Wide Pay Range Listings May Deter Female Applicants

Pay range transparency laws that are intended to promote pay equity can inadvertently deter women from applying for those positions, thus perpetuating gender gaps in the workforce, according to research from the Cornell ILR School.

"Across our four studies, we consistently found that women show a stronger preference for jobs with narrower salary ranges compared to men, and that this preference is associated with less assertive negotiation behaviors. In other words, the way these laws are being implemented may be perpetuating the very pay gaps they were designed to close," said Alice Lee, assistant professor of organizational behavior.

Lee is the lead author of "The Implications of Pay Range Transparency on Job Application Preferences and Negotiations," published Feb. 16 in the Journal of Applied Psychology. Tae-Youn Park, director of research at Cornell's Institute for Compensation Studies, and Sungyong Chang, assistant professor of management and organizations at the Samuel Curtis Johnson Graduate School of Management, are co-authors.

As of 2025, a total of 15 U.S. states and Washington, D.C., have passed laws requiring employers to disclose salary ranges in job postings, and many employers outside those areas are following suit. The intent is to give workers better information and help close pay gaps across gender and race. However, these laws offer little guidance on how wide or narrow these ranges should be, and the range can shape job application decisions, according to Lee.

In addition, the research team found the pay range had subsequent effects on negotiation behaviors, as applicants who chose positions with narrower salary ranges consistently negotiated less assertively, and they were more satisfied with a midpoint salary offer. The applicants also said they were less likely to negotiate, and when they did, asked for less money.

"This matters because starting salaries have compounding consequences," Lee said. "Raises, bonuses and future opportunities are often tied to your initial salary, so a lower starting point doesn't just affect your first paycheck. It ripples through your career."

To investigate these patterns, the researchers conducted four studies, spanning archival data and experiments with both prospective and actual job seekers.

In their first study, the team analyzed a large archival dataset of nearly 10 million U.S. job postings to document the extent of pay-range variation and examine the relationship between range width and female representation in the workforce.

In the second study, they recruited upper-level undergraduates about to enter the labor market to test whether gender differences in pay-range preferences emerged among prospective job seekers and whether risk preference could explain the pattern.

In the third study, the researchers conducted a field experiment in which actual job-seekers made real application decisions for a genuine job posting with different pay range disclosures.

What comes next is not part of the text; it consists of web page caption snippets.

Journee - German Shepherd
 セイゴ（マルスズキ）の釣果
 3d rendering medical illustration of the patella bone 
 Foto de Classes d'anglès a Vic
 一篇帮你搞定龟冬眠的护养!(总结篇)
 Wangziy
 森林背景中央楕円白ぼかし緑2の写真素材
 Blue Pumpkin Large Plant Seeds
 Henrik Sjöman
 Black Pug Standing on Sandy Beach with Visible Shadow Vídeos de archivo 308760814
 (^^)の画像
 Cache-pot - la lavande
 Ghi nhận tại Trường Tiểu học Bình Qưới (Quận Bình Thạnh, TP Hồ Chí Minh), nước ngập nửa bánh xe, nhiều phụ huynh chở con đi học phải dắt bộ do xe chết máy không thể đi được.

In the fourth study, the researchers introduced an experimental intervention that explicitly clarified the typical starting salary and the process by which final offers are determined, testing whether reducing uncertainty would affect application decisions and negotiation behaviors.

The results of the fourth study suggest a concrete way companies can address this issue.

"We found that when job ads included some additional context about the typical starting salary and how final offers are determined, it mitigated women's stronger preference for narrower pay ranges," Lee said. "When that information was provided, we no longer observed the gender gap in application decisions, and it also eliminated the gap in negotiation behaviors.

"Pay transparency laws represent meaningful progress, but transparency alone isn't enough," she said. "How employers present pay information matters just as much as whether they disclose it."

Julie Greco is the communications director for the School of Industrial and Labor Relations.